I had been able to see this about other areas of my life: that my belief that life is hard had attracted both relationships and work places into my life that fit that belief set. Somehow I had managed to overlook the fact that the belief in the necessity to struggle also had made me choose a place where that was true for me as well.
Don’t get me wrong, I feel a deep love for Sweden and I have many pleasant memories from my time here, and I am grateful for everything. Just like I have many pleasant memories and much gratitude for the work places and my relationship that I let go of last year. That’s the thing that made it impossible for me to question anything but myself for so long: there is good to be found in every person and every situation. That will always be the case because life is complex. Yet all the good things will never be able to make up for when something essential is off. There is no judgement in that. It just what it is. And when it comes to loneliness and feeling rejected: that was something that had also always been there for me, from the very beginning when I first came to Sweden. I just hadn’t really wanted to acknowledge that. That weekend made me do it.
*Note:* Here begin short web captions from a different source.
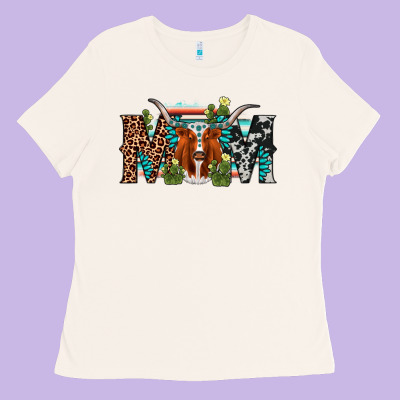 Longhorn Mom Ladies Tee Designed By Adodesignshop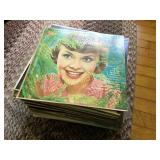 large stack assorted record albums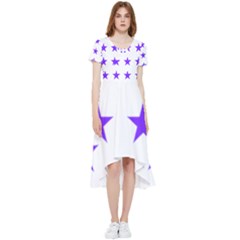 Star Pattern T- Shirt Star Pattern - Purple T- Shirt High Low Boho Dress by maxcute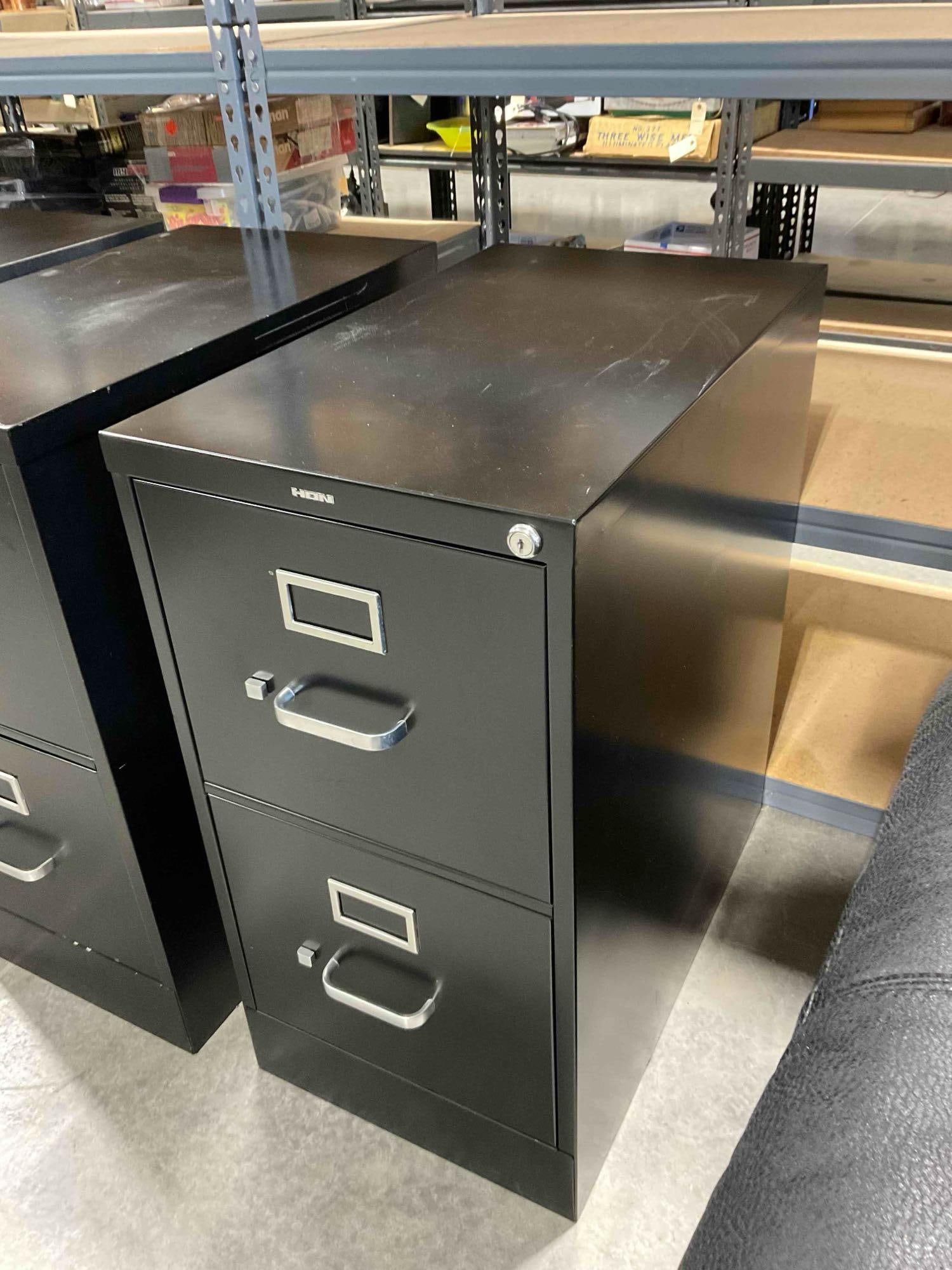 HON Black Metal 2-Drawer Filing Cabinet w/ Key. Fair Condition. Measures 15" x 25" x 29" - 2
The truth as I see it is this: there is a place where we belong (maybe there are several, maybe it changes throughout life). Life gives us signs to point us there – including other places telling us “This isn’t your place”. The thing is, though: we need to choose what to do with these signs. We are free and able to choose something that is not right for us.
That is what hurt so much: the realization that I had been stubborn to insist on making something work that never could. Like I said, I’ve had this realization twice in the past year, with work and with my relationship. And every time I had one of these insights, I thought “OK, I get it now, I can see what I’ve been doing”.
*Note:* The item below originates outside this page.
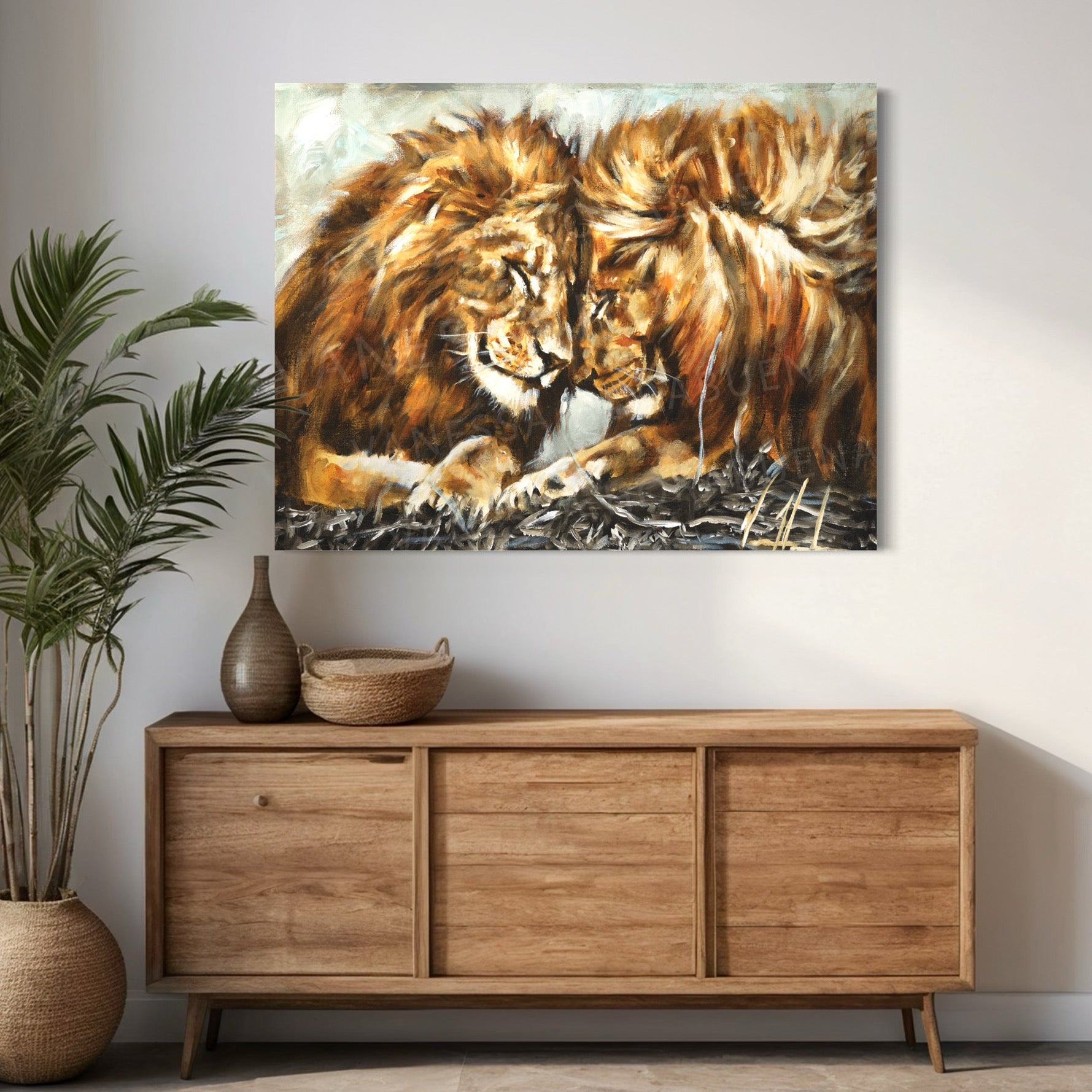 Fortified Strength (Hand Embellished Canvas Print) Lion Art Print Vanessa Horabuena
Clearly, I have more blind spots than I thought. So as much as there was relief in seeing that it was not anybody’s fault, and that it was not me sending “weird” vibes that made me unapproachable, I was mainly feeling the pain that I had suppressed for as long as I had insisted on playing the struggle game. The pain of being rejected and insisting on trying to fight that rejection.
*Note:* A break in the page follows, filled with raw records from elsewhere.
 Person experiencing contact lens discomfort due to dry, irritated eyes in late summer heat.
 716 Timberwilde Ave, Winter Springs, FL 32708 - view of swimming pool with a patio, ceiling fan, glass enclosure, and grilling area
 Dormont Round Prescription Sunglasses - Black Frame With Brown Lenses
For me, it’s wanting to be liked by everybody that triggers this kind of behavior: if there’s someone (or, apparently: a place) who doesn’t seem to like me, I tend to not want to accept that. Instead I start to try to figure out ways to change it. But the truth is: we are no blank sheets of paper. We come here with different qualities, and that means that we are good matches with some people and places who in turn have their unique qualities. Other combos are just not great. There’s nothing to be done about that and it’s nobody’s fault. And it’s not rejection in the sense that we aren’t loved or lovable.
Like I said, there is good to be found in everything. The pain I felt that weekend was part of the healing process. It was probably important, too, that I had false expectations, because would I have gone otherwise? Not so sure … However, there was not only pain this weekend, there was a whole lot of good, too: it was above all an opportunity for me to see how much I enjoy my own company. Maybe that’s confusing (or maybe it’s just confusing when trying to put it into words) but I was not only feeling lonely and rejected, I was also feeling very content with being who I am and with being with just me. That means a lot to me.
And then, on the way back it finally happened. I met a fellow traveler in every sense of the word. Her name was Hidaya, and we talked, played each other music, sat in silence, and it was all there: that instant connection where you know you get each other. We met up one more time later that week in Gothenburg, and I am sure it wasn’t the last time. And this, too, is part of my Sweden experience. It’s one of the many gifts I’ve been given. Thank you. For all of it.